### Task item:
When the records are reproduced, each one must match exactly, and no picture may be kept.

### Source data:
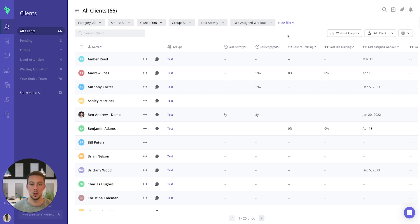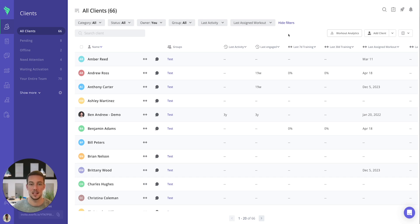To begin, I'll give you a quick overview of this feature. The workout analytics is useful to see when a client has completed or missed a workout on a specific day.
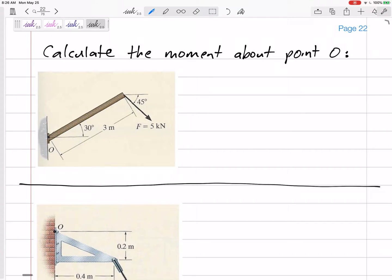Sticking with 2D moments, let's see what happens when it gets a little bit trickier. Moment is force times distance — specifically the perpendicular distance. That's a special distance. So let's look at this.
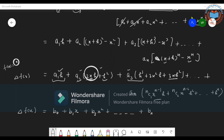So Δf(x) is of degree n-1. The second-last term will be b(n-2)·x^(n-2), and the last term will be x^(n-1). x^(n-1) is just one term — this is the x^(n-1) term.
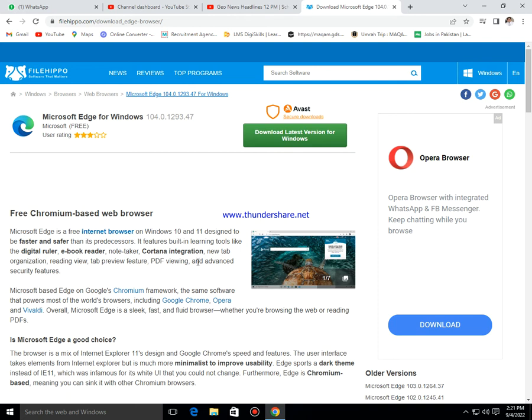Now we will wait for a while. These are the descriptions about the software.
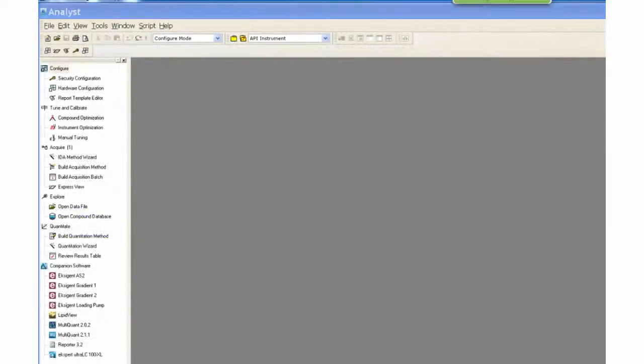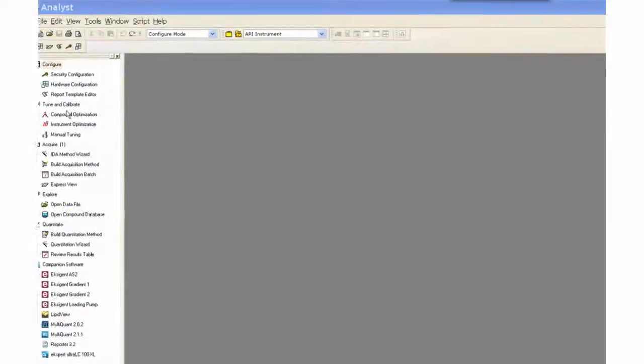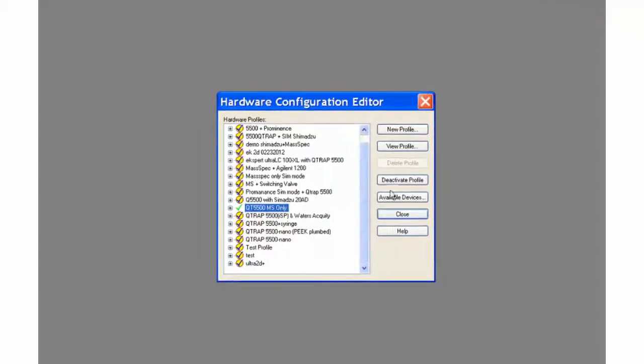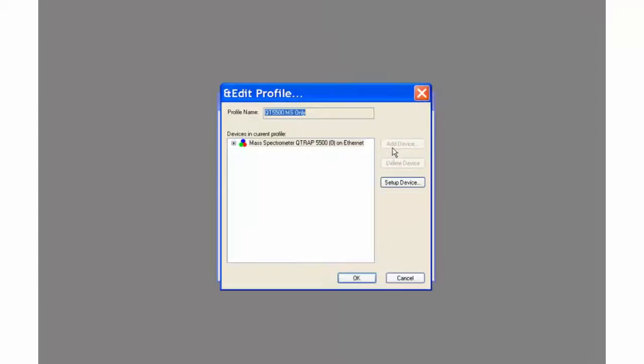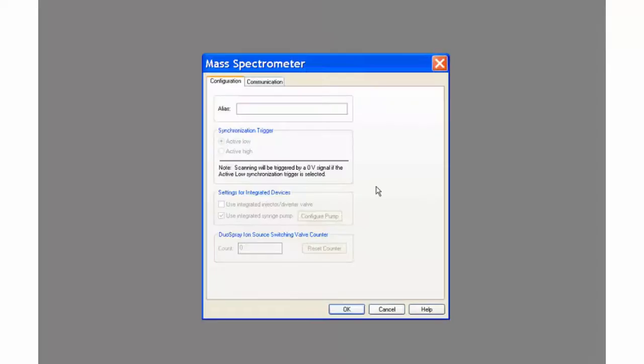With Analyst open, confirm that in the hardware profile, the syringe pump is active.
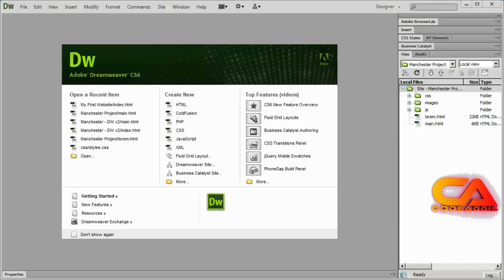Hi and welcome back. In our last video we finished up adding some sample content to our HTML structure. And in this video we're going to begin to learn about CSS so that we can style and format our page.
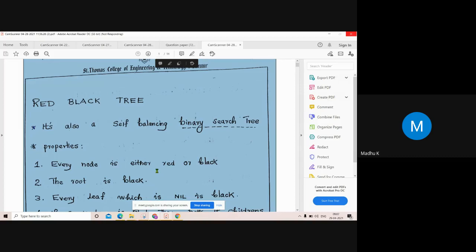We are going to learn about binary search tree deletion. I will cover the BST deletion cases and then move to the overview of deletion concepts, including the cases where binary search tree deletion is applied.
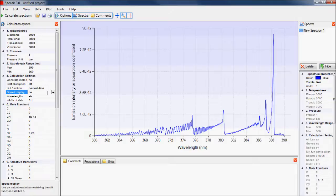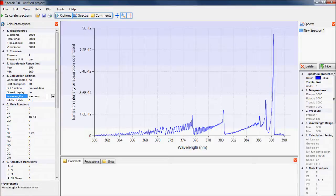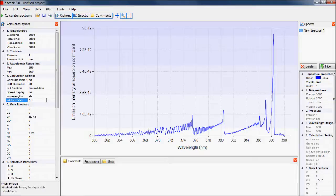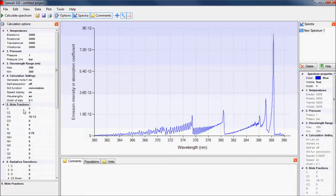The wavelength values can be those in air or vacuum, and the final calculation option specifies the width of the plasma in centimeters. The mole fractions describe the gas composition. All common species in air can be selected, and the values should be between 0 and 1.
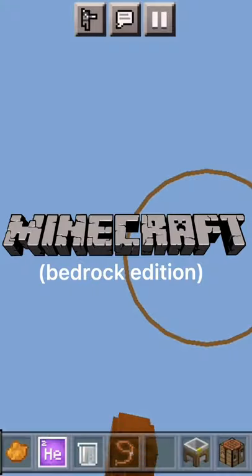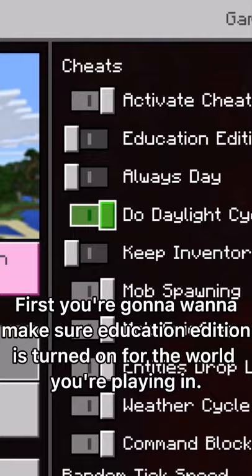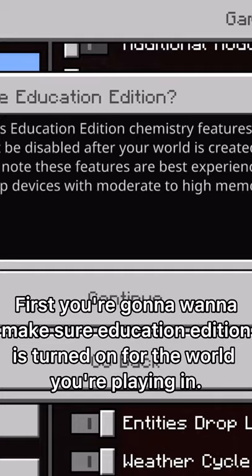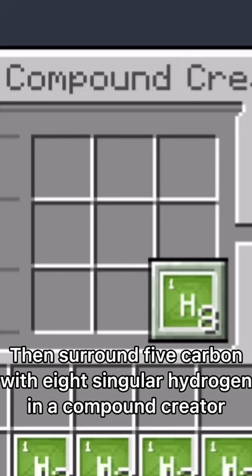How to make a balloon in Minecraft. First, you're gonna wanna make sure Education Edition is turned on for the world you are playing in.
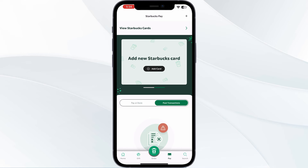Step 5: Enter receipt information manually. If you do not have a QR code, you can manually enter the receipt information into the app. This includes order details, payment method, and date of purchase. Step 6: Verify the receipt — once you have added the receipt, verify that the details are accurate and match your purchase.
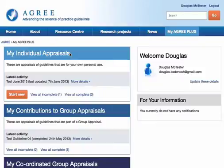Users of the old MyAgree platform will recognise the functionality, because effectively it's the same functions as you had on the old version of the MyAgree platform.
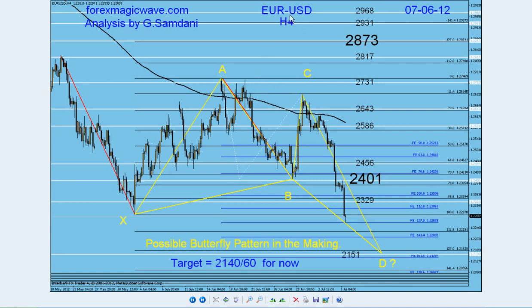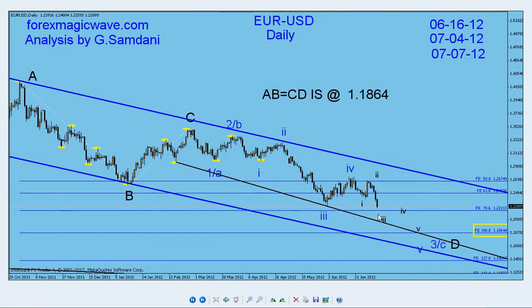This is a EURUSD four-hour chart. These are my SNR numbers and an XABCD butterfly pattern ending at the 127 extension. The ABCD extension is supposedly around 1.618, which comes in right here at 2139, and the 127 extension is at 2162 — very close by. My SNR level is 2151, which is actually the weekly low from around June 27, 2010. So all three numbers are coming together right around this D area. My target for now is around 2140 to 2160.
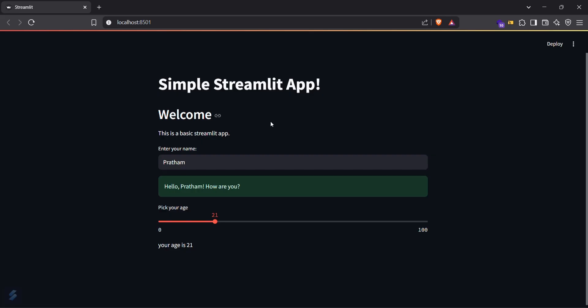So this was our basic Streamlit app which you can also build. So yeah guys, that's all for this video. Now let's see you next time.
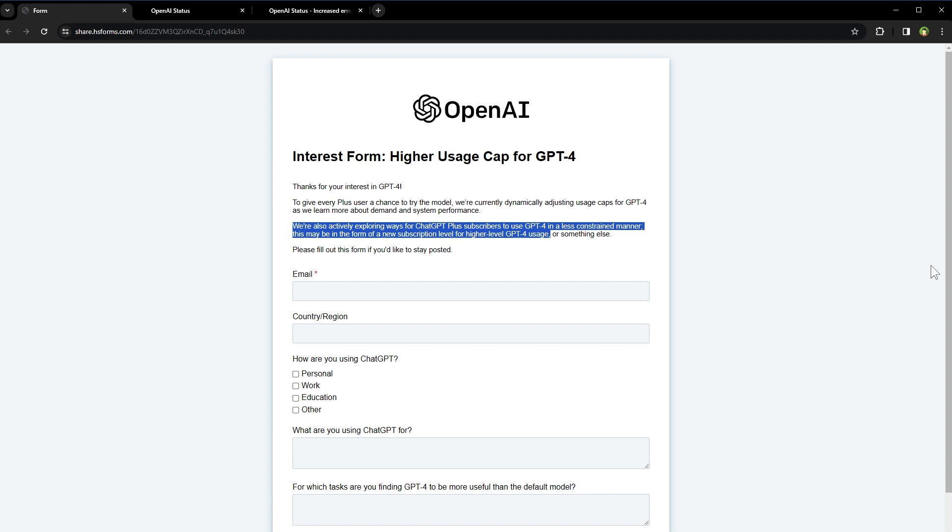So they are exploring options to introduce new subscription levels for higher level GPT-4 usage. If you need more usage, maybe you'll be able to subscribe to a higher level package for uninterrupted service. ChatGPT is getting costly. What do you think?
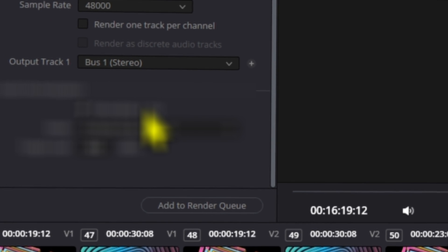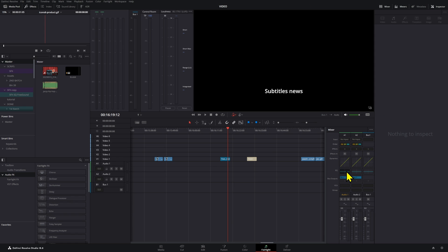They added this new feature that basically takes care of that whole process, so you don't have to go through the process I explained in the previous video — which involved using the compressor, the limiter, and the audio levels to get to the target loudness levels.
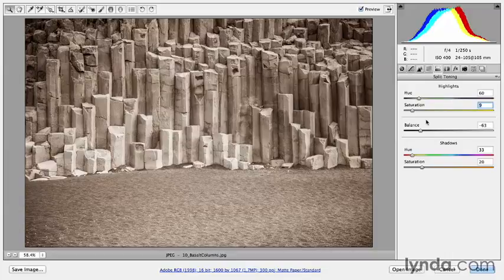These digital effects aren't exactly like the results you would be able to achieve in the traditional darkroom, but there are benefits to not having to work with some of those chemicals we've had to use in the past.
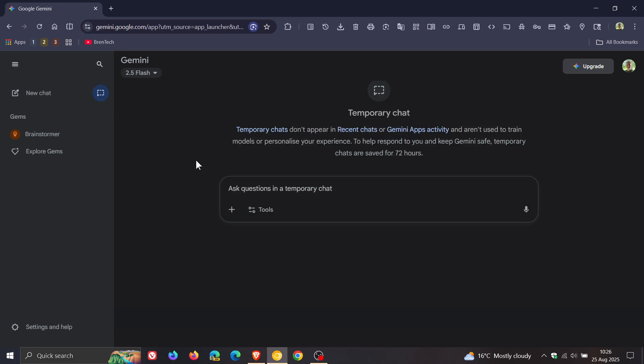It says, temporary chats don't appear in recent chats or Gemini apps activity and aren't used to train models or personalize your experience. To help respond to you and keep Gemini safe, temporary chats are saved for 72 hours. And then obviously they are gone for good.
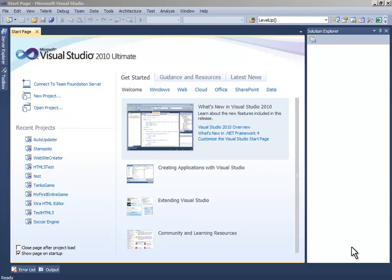Hello guys, this is Mehta and this is a tutorial on how to make an auto updater for your application in Visual C Sharp.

### Output for this task:
To begin, I'll give you a quick overview of this feature. The workout analytics is useful to see when a client has completed or missed a workout on a specific day.
Sticking with 2D moments, let's see what happens when it gets a little bit trickier. Moment is force times distance — specifically the perpendicular distance. That's a special distance. So let's look at this.
So Δf(x) is of degree n-1. The second-last term will be b(n-2)·x^(n-2), and the last term will be x^(n-1). x^(n-1) is just one term — this is the x^(n-1) term.
Now we will wait for a while. These are the descriptions about the software.
With Analyst open, confirm that in the hardware profile, the syringe pump is active.
Hi and welcome back. In our last video we finished up adding some sample content to our HTML structure. And in this video we're going to begin to learn about CSS so that we can style and format our page.
We are going to learn about binary search tree deletion. I will cover the BST deletion cases and then move to the overview of deletion concepts, including the cases where binary search tree deletion is applied.
The wavelength values can be those in air or vacuum, and the final calculation option specifies the width of the plasma in centimeters. The mole fractions describe the gas composition. All common species in air can be selected, and the values should be between 0 and 1.
How to make a balloon in Minecraft. First, you're gonna wanna make sure Education Edition is turned on for the world you are playing in.
Step 5: Enter receipt information manually. If you do not have a QR code, you can manually enter the receipt information into the app. This includes order details, payment method, and date of purchase. Step 6: Verify the receipt — once you have added the receipt, verify that the details are accurate and match your purchase.
Users of the old MyAgree platform will recognise the functionality, because effectively it's the same functions as you had on the old version of the MyAgree platform.
This is a EURUSD four-hour chart. These are my SNR numbers and an XABCD butterfly pattern ending at the 127 extension. The ABCD extension is supposedly around 1.618, which comes in right here at 2139, and the 127 extension is at 2162 — very close by. My SNR level is 2151, which is actually the weekly low from around June 27, 2010. So all three numbers are coming together right around this D area. My target for now is around 2140 to 2160.
So this was our basic Streamlit app which you can also build. So yeah guys, that's all for this video. Now let's see you next time.
So they are exploring options to introduce new subscription levels for higher level GPT-4 usage. If you need more usage, maybe you'll be able to subscribe to a higher level package for uninterrupted service. ChatGPT is getting costly. What do you think?
They added this new feature that basically takes care of that whole process, so you don't have to go through the process I explained in the previous video — which involved using the compressor, the limiter, and the audio levels to get to the target loudness levels.
These digital effects aren't exactly like the results you would be able to achieve in the traditional darkroom, but there are benefits to not having to work with some of those chemicals we've had to use in the past.
It says, temporary chats don't appear in recent chats or Gemini apps activity and aren't used to train models or personalize your experience. To help respond to you and keep Gemini safe, temporary chats are saved for 72 hours. And then obviously they are gone for good.
Hello guys, this is Mehta and this is a tutorial on how to make an auto updater for your application in Visual C Sharp.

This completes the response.